まず、相続税の基本についておさらいしましょう。相続税は、亡くなった方(被相続人)の財産を相続したときに、すべてのケースでかかるわけではありません。「基礎控除」という非課税の枠があり、遺産の総額がこの基礎控除額を超えた場合にのみ、申告と納税の義務が発生します。2015年の税制改正でこの基礎控除額が引き下げられたため、以前よりも相続税の対象となる方が増えているのが現状です。
基礎控除額の計算方法
相続税の基礎控除額は、次の計算式で求められます。
3,000万円 + (600万円 × 法定相続人の数)
例えば、お父様が亡くなり、相続人がお母様と子ども2人の合計3人だった場合、基礎控除額は「3,000万円 + (600万円 × 3人) = 4,800万円」となります。遺産の総額が4,800万円以下であれば、原則として相続税はかからず、申告も不要です。
法定相続人の数 | 基礎控除額 |
1人 | 3,600万円 |
2人 | 4,200万円 |
3人 | 4,800万円 |
4人 | 5,400万円 |
相続税の対象になる財産
相続税の計算のもとになる「遺産の総額」には、預貯金や不動産だけでなく、以下のような財産も含まれるので注意が必要です。
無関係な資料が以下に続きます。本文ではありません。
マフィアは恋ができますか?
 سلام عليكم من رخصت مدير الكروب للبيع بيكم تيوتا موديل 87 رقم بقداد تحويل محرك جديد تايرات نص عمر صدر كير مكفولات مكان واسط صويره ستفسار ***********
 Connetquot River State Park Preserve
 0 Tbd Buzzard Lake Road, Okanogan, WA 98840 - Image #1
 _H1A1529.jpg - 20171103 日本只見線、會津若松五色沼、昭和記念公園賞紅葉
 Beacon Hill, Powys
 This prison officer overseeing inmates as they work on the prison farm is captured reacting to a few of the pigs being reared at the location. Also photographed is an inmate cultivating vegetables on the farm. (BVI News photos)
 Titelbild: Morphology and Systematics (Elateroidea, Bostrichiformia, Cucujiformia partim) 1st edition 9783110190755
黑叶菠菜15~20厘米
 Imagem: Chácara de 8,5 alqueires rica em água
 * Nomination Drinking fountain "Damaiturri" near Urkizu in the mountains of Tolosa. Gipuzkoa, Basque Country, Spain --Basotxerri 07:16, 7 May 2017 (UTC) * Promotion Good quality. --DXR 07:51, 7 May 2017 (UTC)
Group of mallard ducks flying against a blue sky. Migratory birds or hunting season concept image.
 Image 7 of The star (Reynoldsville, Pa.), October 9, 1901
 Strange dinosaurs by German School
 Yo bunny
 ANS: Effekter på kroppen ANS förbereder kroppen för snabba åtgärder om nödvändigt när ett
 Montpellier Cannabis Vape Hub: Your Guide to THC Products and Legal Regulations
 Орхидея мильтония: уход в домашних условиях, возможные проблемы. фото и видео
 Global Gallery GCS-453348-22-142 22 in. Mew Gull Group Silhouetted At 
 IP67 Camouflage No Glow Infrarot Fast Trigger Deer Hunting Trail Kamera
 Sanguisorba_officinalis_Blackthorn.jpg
これらを見落として「基礎控除以下だ」と判断してしまうケースがよくあります。
- 預貯金、現金
- 土地、建物などの不動産
- 株式、投資信託などの有価証券
- 自動車、貴金属、骨董品など
- 生命保険金、死亡退職金(一定の非課税枠を超えた部分)
- 亡くなる前3年〜7年以内に贈与された財産(後ほど詳しく解説します)
- 家族名義になっているが、実質的には亡くなった方の財産だったもの(名義預金)
特例を使えば納税額ゼロでも「申告」は必要!
ここが最初の大きな落とし穴です。例えば、「小規模宅地等の特例」や「配偶者の税額軽減」といった制度を使えば、相続税の評価額を大幅に下げたり、納税額をゼロにしたりできます。しかし、これらの特例を適用するためには、たとえ納税額が0円になったとしても、相続税の申告書を税務署に提出しなければなりません。「税金がかからないから何もしなくていい」わけではないのです。この申告を忘れると、特例が使えなくなり、多額の税金とペナルティが発生する可能性があります。
落とし穴①:家族名義の「名義預金」は相続財産です
「子どものために、内緒で口座を作って貯金してあげていた」という親心。実はこれが「名義預金」と判断され、相続税の課税対象になることがあります。名義預金は、税務調査でも特に厳しくチェックされるポイントです。
名義預金とは?
名義預金とは、口座の名義は配偶者やお子さん、お孫さんになっていても、そのお金を実質的に管理・支配していたのが亡くなった方(被相続人)である預金のことを指します。口座の名義人が誰かではなく、「そのお金の真の持ち主は誰か」という実質で判断されるのです。
なぜ名義預金と判断されるのか
税務署は、以下のような状況から名義預金ではないかと疑います。
- 口座の存在を名義人本人が知らなかった。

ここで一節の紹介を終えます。